▶ [Action item]:
What you return must match the records exactly, with every line included.

▶ [Entries supplied]:
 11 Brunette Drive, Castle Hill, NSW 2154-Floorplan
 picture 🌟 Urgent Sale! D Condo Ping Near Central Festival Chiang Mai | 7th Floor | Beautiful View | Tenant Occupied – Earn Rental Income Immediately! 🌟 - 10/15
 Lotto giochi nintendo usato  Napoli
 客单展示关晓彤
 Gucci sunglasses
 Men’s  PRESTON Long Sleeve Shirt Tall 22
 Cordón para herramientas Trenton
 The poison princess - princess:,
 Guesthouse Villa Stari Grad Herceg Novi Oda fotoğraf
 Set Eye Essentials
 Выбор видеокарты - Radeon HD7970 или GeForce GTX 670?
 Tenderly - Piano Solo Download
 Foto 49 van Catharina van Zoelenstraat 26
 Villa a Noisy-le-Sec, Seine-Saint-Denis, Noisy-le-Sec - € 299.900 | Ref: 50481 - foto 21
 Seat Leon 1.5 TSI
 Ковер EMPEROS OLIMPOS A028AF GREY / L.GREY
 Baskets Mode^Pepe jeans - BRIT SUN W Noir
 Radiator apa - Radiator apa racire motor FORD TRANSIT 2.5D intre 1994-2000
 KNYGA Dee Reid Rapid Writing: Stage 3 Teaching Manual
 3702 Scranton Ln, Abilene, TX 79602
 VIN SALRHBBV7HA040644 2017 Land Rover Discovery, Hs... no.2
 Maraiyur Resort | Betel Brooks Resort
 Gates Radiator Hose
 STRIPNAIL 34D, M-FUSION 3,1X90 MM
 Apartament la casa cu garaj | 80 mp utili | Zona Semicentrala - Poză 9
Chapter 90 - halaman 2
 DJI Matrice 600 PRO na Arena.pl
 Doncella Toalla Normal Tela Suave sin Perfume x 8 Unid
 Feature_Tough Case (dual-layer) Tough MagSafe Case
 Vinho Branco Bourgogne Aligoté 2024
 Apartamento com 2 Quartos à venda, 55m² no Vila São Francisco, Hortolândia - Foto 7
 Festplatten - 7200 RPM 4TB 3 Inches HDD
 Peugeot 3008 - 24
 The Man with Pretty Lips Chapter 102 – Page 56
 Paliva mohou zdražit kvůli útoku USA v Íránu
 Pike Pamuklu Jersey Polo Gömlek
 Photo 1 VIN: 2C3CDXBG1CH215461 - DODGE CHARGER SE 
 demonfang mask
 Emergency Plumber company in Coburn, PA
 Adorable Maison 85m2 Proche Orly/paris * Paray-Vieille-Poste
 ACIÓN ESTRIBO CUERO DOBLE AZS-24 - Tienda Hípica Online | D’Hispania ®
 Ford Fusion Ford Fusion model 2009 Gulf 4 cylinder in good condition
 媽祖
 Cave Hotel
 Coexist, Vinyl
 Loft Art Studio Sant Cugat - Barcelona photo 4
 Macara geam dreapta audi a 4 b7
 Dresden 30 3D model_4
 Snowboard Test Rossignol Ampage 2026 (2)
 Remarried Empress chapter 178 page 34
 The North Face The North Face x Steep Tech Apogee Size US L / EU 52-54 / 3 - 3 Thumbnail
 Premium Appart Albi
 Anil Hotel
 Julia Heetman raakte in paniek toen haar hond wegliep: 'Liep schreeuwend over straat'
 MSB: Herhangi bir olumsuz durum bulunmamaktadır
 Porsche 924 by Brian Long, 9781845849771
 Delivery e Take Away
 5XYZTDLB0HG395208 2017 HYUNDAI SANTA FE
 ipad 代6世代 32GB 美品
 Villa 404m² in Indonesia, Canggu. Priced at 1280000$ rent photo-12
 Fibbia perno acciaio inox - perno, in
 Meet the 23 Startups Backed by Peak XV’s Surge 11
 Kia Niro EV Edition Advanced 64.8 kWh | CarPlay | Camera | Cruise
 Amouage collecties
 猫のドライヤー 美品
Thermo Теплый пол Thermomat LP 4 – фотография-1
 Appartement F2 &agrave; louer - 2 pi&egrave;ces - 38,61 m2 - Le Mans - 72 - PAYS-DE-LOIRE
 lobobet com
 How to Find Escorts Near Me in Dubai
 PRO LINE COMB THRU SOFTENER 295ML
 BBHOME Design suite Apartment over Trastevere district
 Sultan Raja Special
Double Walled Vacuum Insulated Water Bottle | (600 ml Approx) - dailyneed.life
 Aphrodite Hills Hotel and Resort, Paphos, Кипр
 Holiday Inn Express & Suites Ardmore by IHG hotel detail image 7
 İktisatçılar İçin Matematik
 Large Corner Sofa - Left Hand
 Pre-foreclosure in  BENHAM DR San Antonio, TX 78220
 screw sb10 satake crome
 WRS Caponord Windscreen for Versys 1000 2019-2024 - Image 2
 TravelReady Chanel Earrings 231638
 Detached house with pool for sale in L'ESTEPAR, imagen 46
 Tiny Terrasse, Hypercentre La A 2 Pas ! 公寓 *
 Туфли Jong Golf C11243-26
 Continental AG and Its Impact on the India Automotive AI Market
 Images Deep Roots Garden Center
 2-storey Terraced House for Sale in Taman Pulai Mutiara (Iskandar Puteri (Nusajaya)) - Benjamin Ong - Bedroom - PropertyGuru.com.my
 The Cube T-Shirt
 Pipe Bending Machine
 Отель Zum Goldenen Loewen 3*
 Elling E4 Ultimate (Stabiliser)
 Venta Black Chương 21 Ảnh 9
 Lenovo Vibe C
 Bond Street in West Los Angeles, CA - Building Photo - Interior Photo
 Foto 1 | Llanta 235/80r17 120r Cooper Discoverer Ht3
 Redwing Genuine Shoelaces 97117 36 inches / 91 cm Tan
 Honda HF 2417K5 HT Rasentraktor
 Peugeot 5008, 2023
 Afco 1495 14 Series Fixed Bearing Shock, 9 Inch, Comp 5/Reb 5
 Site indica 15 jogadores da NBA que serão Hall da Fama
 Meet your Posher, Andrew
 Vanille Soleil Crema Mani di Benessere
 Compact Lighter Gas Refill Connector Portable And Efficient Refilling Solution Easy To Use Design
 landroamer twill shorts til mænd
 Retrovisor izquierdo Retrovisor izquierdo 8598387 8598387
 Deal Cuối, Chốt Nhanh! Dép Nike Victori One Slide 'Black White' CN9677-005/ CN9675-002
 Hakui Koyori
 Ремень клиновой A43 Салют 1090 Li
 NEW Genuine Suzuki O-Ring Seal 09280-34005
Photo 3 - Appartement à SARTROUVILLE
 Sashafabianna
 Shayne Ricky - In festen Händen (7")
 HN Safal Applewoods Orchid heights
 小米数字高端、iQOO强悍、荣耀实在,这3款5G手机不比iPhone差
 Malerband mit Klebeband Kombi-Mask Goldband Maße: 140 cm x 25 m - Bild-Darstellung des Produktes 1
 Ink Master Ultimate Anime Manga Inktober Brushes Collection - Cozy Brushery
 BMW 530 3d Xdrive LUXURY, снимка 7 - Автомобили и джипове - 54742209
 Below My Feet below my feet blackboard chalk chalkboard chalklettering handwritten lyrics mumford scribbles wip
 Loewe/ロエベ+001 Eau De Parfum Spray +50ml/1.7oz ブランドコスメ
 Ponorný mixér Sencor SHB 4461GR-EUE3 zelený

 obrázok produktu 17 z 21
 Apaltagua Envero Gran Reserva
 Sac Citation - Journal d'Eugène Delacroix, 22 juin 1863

▶ [Solution to this exercise]:
 11 Brunette Drive, Castle Hill, NSW 2154-Floorplan
 picture 🌟 Urgent Sale! D Condo Ping Near Central Festival Chiang Mai | 7th Floor | Beautiful View | Tenant Occupied – Earn Rental Income Immediately! 🌟 - 10/15
 Lotto giochi nintendo usato  Napoli
 客单展示关晓彤
 Gucci sunglasses
 Men’s  PRESTON Long Sleeve Shirt Tall 22
 Cordón para herramientas Trenton
 The poison princess - princess:,
 Guesthouse Villa Stari Grad Herceg Novi Oda fotoğraf
 Set Eye Essentials
 Выбор видеокарты - Radeon HD7970 или GeForce GTX 670?
 Tenderly - Piano Solo Download
 Foto 49 van Catharina van Zoelenstraat 26
 Villa a Noisy-le-Sec, Seine-Saint-Denis, Noisy-le-Sec - € 299.900 | Ref: 50481 - foto 21
 Seat Leon 1.5 TSI
 Ковер EMPEROS OLIMPOS A028AF GREY / L.GREY
 Baskets Mode^Pepe jeans - BRIT SUN W Noir
 Radiator apa - Radiator apa racire motor FORD TRANSIT 2.5D intre 1994-2000
 KNYGA Dee Reid Rapid Writing: Stage 3 Teaching Manual
 3702 Scranton Ln, Abilene, TX 79602
 VIN SALRHBBV7HA040644 2017 Land Rover Discovery, Hs... no.2
 Maraiyur Resort | Betel Brooks Resort
 Gates Radiator Hose
 STRIPNAIL 34D, M-FUSION 3,1X90 MM
 Apartament la casa cu garaj | 80 mp utili | Zona Semicentrala - Poză 9
Chapter 90 - halaman 2
 DJI Matrice 600 PRO na Arena.pl
 Doncella Toalla Normal Tela Suave sin Perfume x 8 Unid
 Feature_Tough Case (dual-layer) Tough MagSafe Case
 Vinho Branco Bourgogne Aligoté 2024
 Apartamento com 2 Quartos à venda, 55m² no Vila São Francisco, Hortolândia - Foto 7
 Festplatten - 7200 RPM 4TB 3 Inches HDD
 Peugeot 3008 - 24
 The Man with Pretty Lips Chapter 102 – Page 56
 Paliva mohou zdražit kvůli útoku USA v Íránu
 Pike Pamuklu Jersey Polo Gömlek
 Photo 1 VIN: 2C3CDXBG1CH215461 - DODGE CHARGER SE 
 demonfang mask
 Emergency Plumber company in Coburn, PA
 Adorable Maison 85m2 Proche Orly/paris * Paray-Vieille-Poste
 ACIÓN ESTRIBO CUERO DOBLE AZS-24 - Tienda Hípica Online | D’Hispania ®
 Ford Fusion Ford Fusion model 2009 Gulf 4 cylinder in good condition
 媽祖
 Cave Hotel
 Coexist, Vinyl
 Loft Art Studio Sant Cugat - Barcelona photo 4
 Macara geam dreapta audi a 4 b7
 Dresden 30 3D model_4
 Snowboard Test Rossignol Ampage 2026 (2)
 Remarried Empress chapter 178 page 34
 The North Face The North Face x Steep Tech Apogee Size US L / EU 52-54 / 3 - 3 Thumbnail
 Premium Appart Albi
 Anil Hotel
 Julia Heetman raakte in paniek toen haar hond wegliep: 'Liep schreeuwend over straat'
 MSB: Herhangi bir olumsuz durum bulunmamaktadır
 Porsche 924 by Brian Long, 9781845849771
 Delivery e Take Away
 5XYZTDLB0HG395208 2017 HYUNDAI SANTA FE
 ipad 代6世代 32GB 美品
 Villa 404m² in Indonesia, Canggu. Priced at 1280000$ rent photo-12
 Fibbia perno acciaio inox - perno, in
 Meet the 23 Startups Backed by Peak XV’s Surge 11
 Kia Niro EV Edition Advanced 64.8 kWh | CarPlay | Camera | Cruise
 Amouage collecties
 猫のドライヤー 美品
Thermo Теплый пол Thermomat LP 4 – фотография-1
 Appartement F2 &agrave; louer - 2 pi&egrave;ces - 38,61 m2 - Le Mans - 72 - PAYS-DE-LOIRE
 lobobet com
 How to Find Escorts Near Me in Dubai
 PRO LINE COMB THRU SOFTENER 295ML
 BBHOME Design suite Apartment over Trastevere district
 Sultan Raja Special
Double Walled Vacuum Insulated Water Bottle | (600 ml Approx) - dailyneed.life
 Aphrodite Hills Hotel and Resort, Paphos, Кипр
 Holiday Inn Express & Suites Ardmore by IHG hotel detail image 7
 İktisatçılar İçin Matematik
 Large Corner Sofa - Left Hand
 Pre-foreclosure in  BENHAM DR San Antonio, TX 78220
 screw sb10 satake crome
 WRS Caponord Windscreen for Versys 1000 2019-2024 - Image 2
 TravelReady Chanel Earrings 231638
 Detached house with pool for sale in L'ESTEPAR, imagen 46
 Tiny Terrasse, Hypercentre La A 2 Pas ! 公寓 *
 Туфли Jong Golf C11243-26
 Continental AG and Its Impact on the India Automotive AI Market
 Images Deep Roots Garden Center
 2-storey Terraced House for Sale in Taman Pulai Mutiara (Iskandar Puteri (Nusajaya)) - Benjamin Ong - Bedroom - PropertyGuru.com.my
 The Cube T-Shirt
 Pipe Bending Machine
 Отель Zum Goldenen Loewen 3*
 Elling E4 Ultimate (Stabiliser)
 Venta Black Chương 21 Ảnh 9
 Lenovo Vibe C
 Bond Street in West Los Angeles, CA - Building Photo - Interior Photo
 Foto 1 | Llanta 235/80r17 120r Cooper Discoverer Ht3
 Redwing Genuine Shoelaces 97117 36 inches / 91 cm Tan
 Honda HF 2417K5 HT Rasentraktor
 Peugeot 5008, 2023
 Afco 1495 14 Series Fixed Bearing Shock, 9 Inch, Comp 5/Reb 5
 Site indica 15 jogadores da NBA que serão Hall da Fama
 Meet your Posher, Andrew
 Vanille Soleil Crema Mani di Benessere
 Compact Lighter Gas Refill Connector Portable And Efficient Refilling Solution Easy To Use Design
 landroamer twill shorts til mænd
 Retrovisor izquierdo Retrovisor izquierdo 8598387 8598387
 Deal Cuối, Chốt Nhanh! Dép Nike Victori One Slide 'Black White' CN9677-005/ CN9675-002
 Hakui Koyori
 Ремень клиновой A43 Салют 1090 Li
 NEW Genuine Suzuki O-Ring Seal 09280-34005
Photo 3 - Appartement à SARTROUVILLE
 Sashafabianna
 Shayne Ricky - In festen Händen (7")
 HN Safal Applewoods Orchid heights
 小米数字高端、iQOO强悍、荣耀实在,这3款5G手机不比iPhone差
 Malerband mit Klebeband Kombi-Mask Goldband Maße: 140 cm x 25 m - Bild-Darstellung des Produktes 1
 Ink Master Ultimate Anime Manga Inktober Brushes Collection - Cozy Brushery
 BMW 530 3d Xdrive LUXURY, снимка 7 - Автомобили и джипове - 54742209
 Below My Feet below my feet blackboard chalk chalkboard chalklettering handwritten lyrics mumford scribbles wip
 Loewe/ロエベ+001 Eau De Parfum Spray +50ml/1.7oz ブランドコスメ
 Ponorný mixér Sencor SHB 4461GR-EUE3 zelený

 obrázok produktu 17 z 21
 Apaltagua Envero Gran Reserva
 Sac Citation - Journal d'Eugène Delacroix, 22 juin 1863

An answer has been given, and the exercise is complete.